Hawaiians not happy with Army training plans

Hawaiians not happy with Army training plans

7 June 2009

published by www.armytimes.com


USA —

The Army wants to conduct about 50 company level live-fire training drills each year in Makua, a valley many Native Hawaiians consider sacred but that the Army views as vital to maintaining combat readiness.

It also wants to fire inert missiles and rockets, including those that carry a greater risk of igniting wildfire than other weapons.

The Army outlined its preferred training plan for Makua in a court-mandated environmental impact statement released Friday.

The proposal is designed to “enable the military in Hawaii to achieve and maintain readiness for immediate deployment,” the report said.

Maj. Gen. Raymond V. Mason, the commanding general of the 8th Theater Sustainment Command, is expected to pick a course of action based on the results in 30 days.

The environmental impact statement is the final version of a study prepared in response to a lawsuit filed by a Waianae Coast community group, Hui Malama O Makua, in 1998. The group demanded, and a judge agreed, that the Army must conduct an environmental impact statement if it wanted to continue using the valley for live-fire training.

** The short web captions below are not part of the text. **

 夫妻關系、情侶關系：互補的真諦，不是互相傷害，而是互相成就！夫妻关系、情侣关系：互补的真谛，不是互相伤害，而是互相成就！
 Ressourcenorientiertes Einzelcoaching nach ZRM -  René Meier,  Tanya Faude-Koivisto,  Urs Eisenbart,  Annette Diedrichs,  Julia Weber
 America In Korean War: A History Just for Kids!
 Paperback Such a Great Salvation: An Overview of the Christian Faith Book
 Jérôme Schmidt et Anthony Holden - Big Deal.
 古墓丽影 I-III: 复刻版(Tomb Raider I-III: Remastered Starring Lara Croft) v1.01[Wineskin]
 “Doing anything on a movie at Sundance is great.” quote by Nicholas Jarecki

The Army released an earlier version of the report in 2005. Friday’s report incorporates issues since raised by the public, including examining Pohakuloa Training Area on the Big Island as an alternate live-fire training site to Makua.

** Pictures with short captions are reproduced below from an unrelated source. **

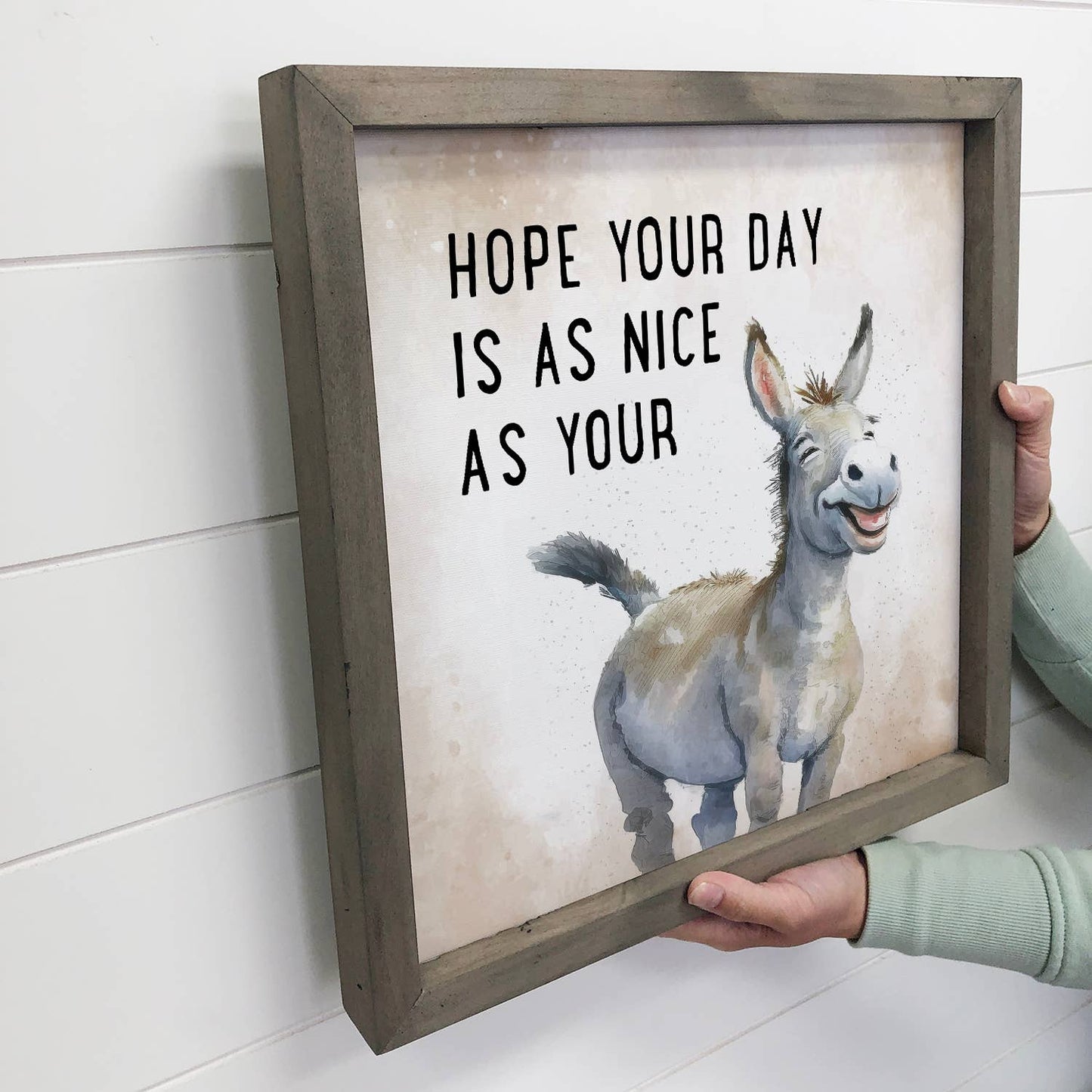 Hope Your Day is as Nice as Your Ass - 6x6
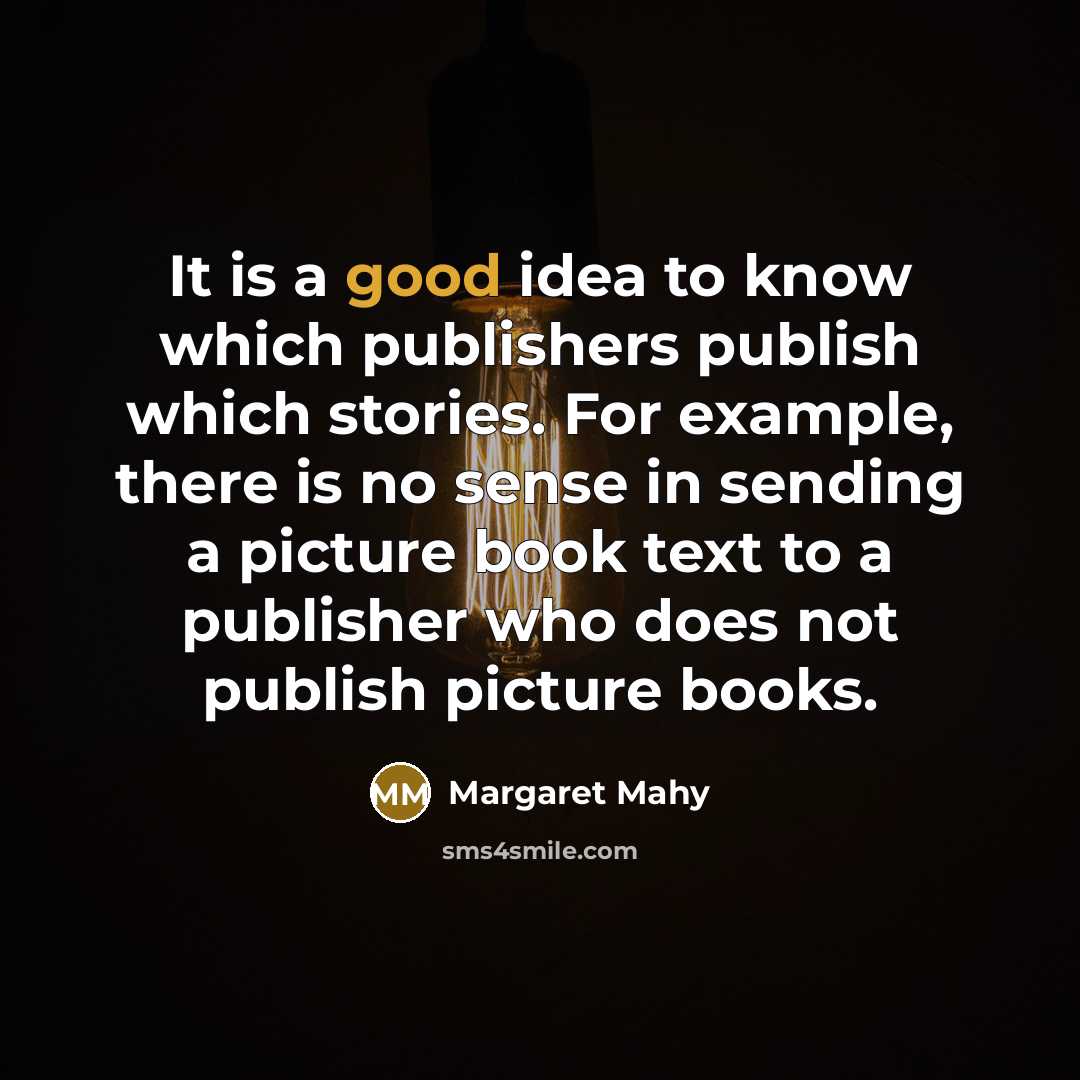 “It is a good idea to know which publishers publish which stories. For example, there is no sense in sending a picture book text to a publisher who does not publish picture books.” quote by Margaret Mahy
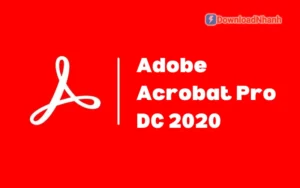 Tải Adobe Acrobat Pro DC 2020 RePack Full - Phần Mềm Xử Lý PDF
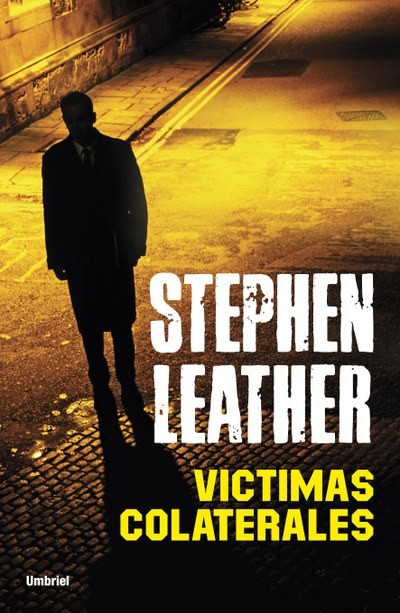 Víctimas Colaterales, Stephen Leather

The risk of wildfire is a major concern in part because the valley is home to dozens of Native Hawaiian cultural sites and several dozen endangered plant species that could burn in a blaze.

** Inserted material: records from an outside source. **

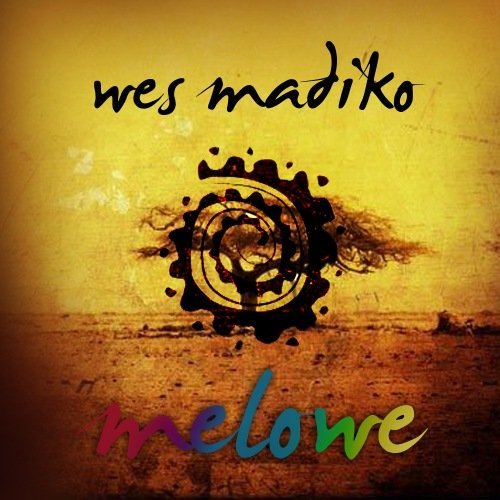 Wes Madiko - Melowe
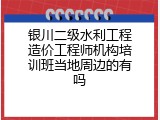 银川二级水利工程造价工程师机构培训班当地周边的有吗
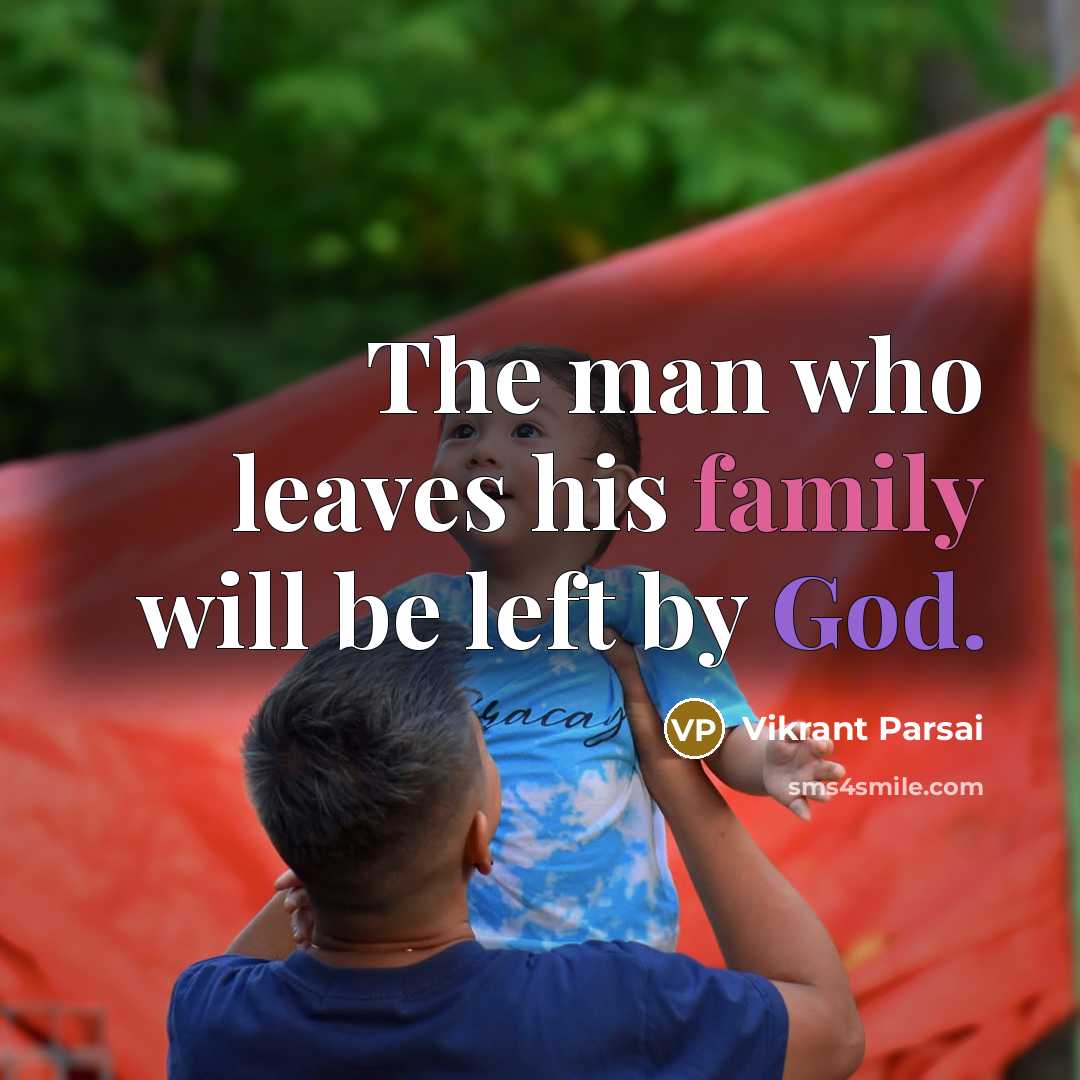 “The man who leaves his family will be left by God.” quote by Vikrant Parsai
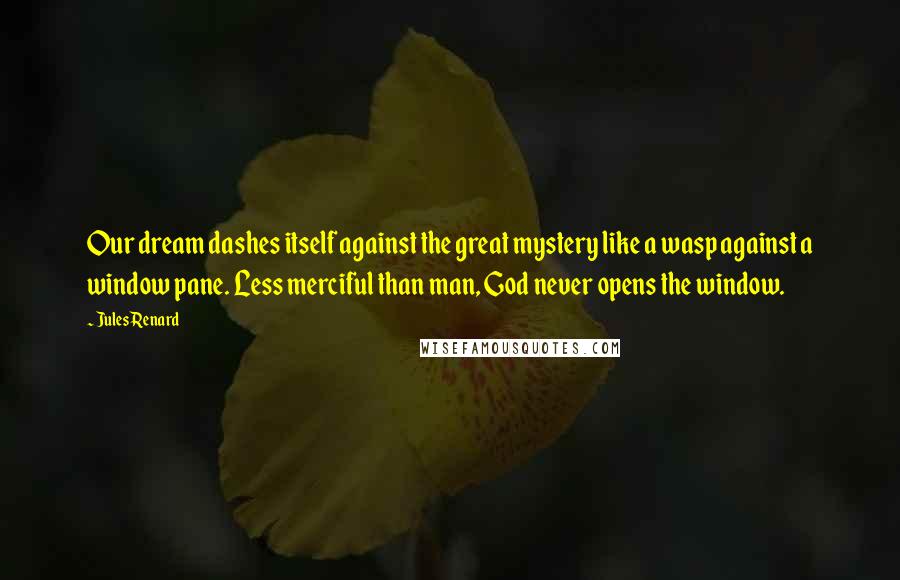 Jules Renard Quotes: Our dream dashes itself against the great mystery like a wasp against a window pane. Less merciful than man, God never opens the window.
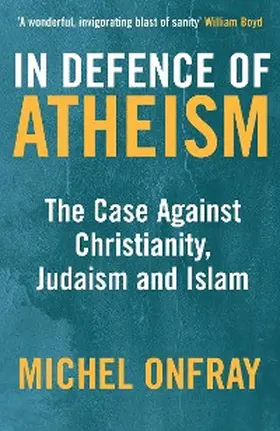 Onfray |  In Defence of Atheism | eBook | Sack Fachmedien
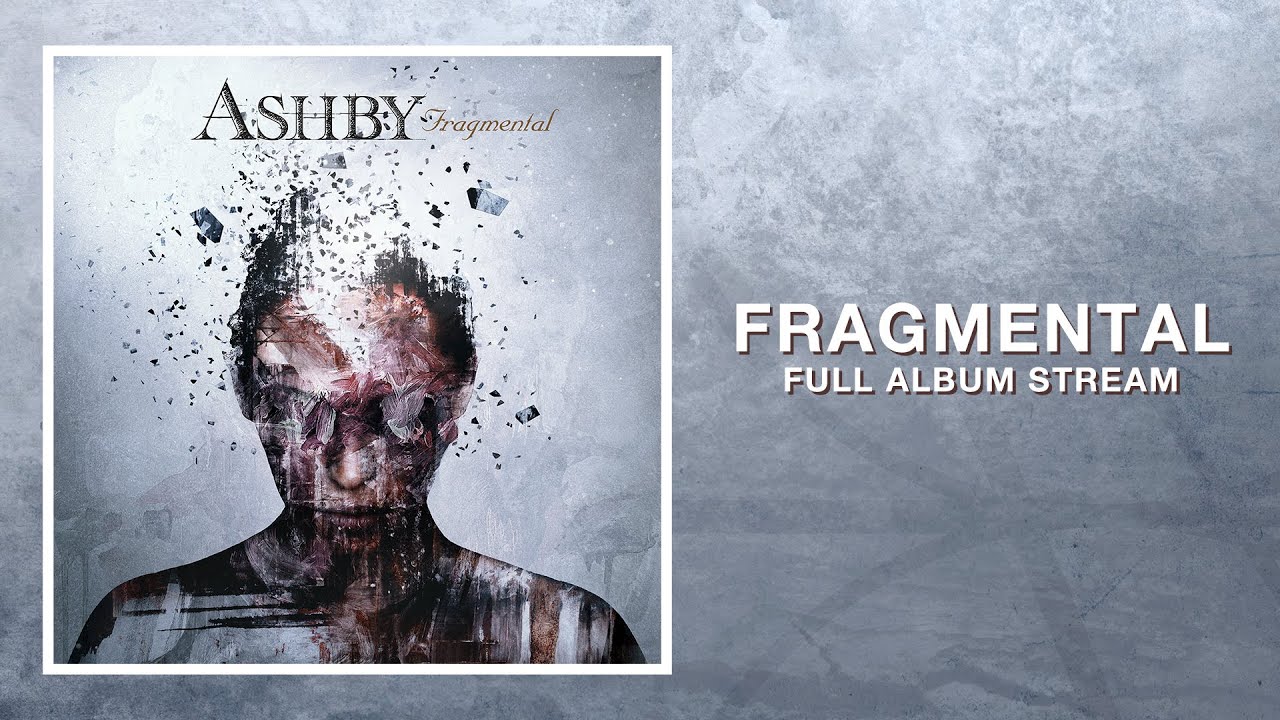 Ashby - Fragmental - Full Album Stream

Fire broke out in Makua during Marine training in 1998. In 2003, a planned burn of brush by the Army raged out of control, scorching more than half of the more than 7-square-mile valley and destroying endangered plants.

The study analyzes five options, including not holding any live-fire training. Three of the options include training at Makua with varying degrees of weapons use and restrictions. The final alternative has the Army using Pohakuloa for live-fire training.

The option the Army has identified as its preferred alternative is the one that allows for the greatest use of weapons. It calls for soldiers to use TOW missiles — inert, tube-launched wire guided missiles — at Makua. These projectiles, along with 2.75 rockets and munitions, carry a greater risk of wildfire compared to weapons used in other alternative scenarios, the report said.

That’s because the missile or rocket propellant may not be fully consumed before the weapon reaches the ground.

David Henkin, an Earthjustice lawyer representing the Waianae community group, criticized the study for expressing preference for an alternative that would “lead to the destruction of irreplaceable cultural sites” and the “killing of endangered species.”

He noted the Army could still conduct training using less harmful training routines.

“The Army appears to be leaning toward the most destructive of the options it considered,” Henkin said. “That’s unacceptable.”

He also charged the Army failed to carry out all the analysis required under their settlement agreement. Moreover, Henkin said he has questions about whether the study complies with demands of the National Environmental Policy Act.

The Army holds a lease from the state to use Makua until 2029.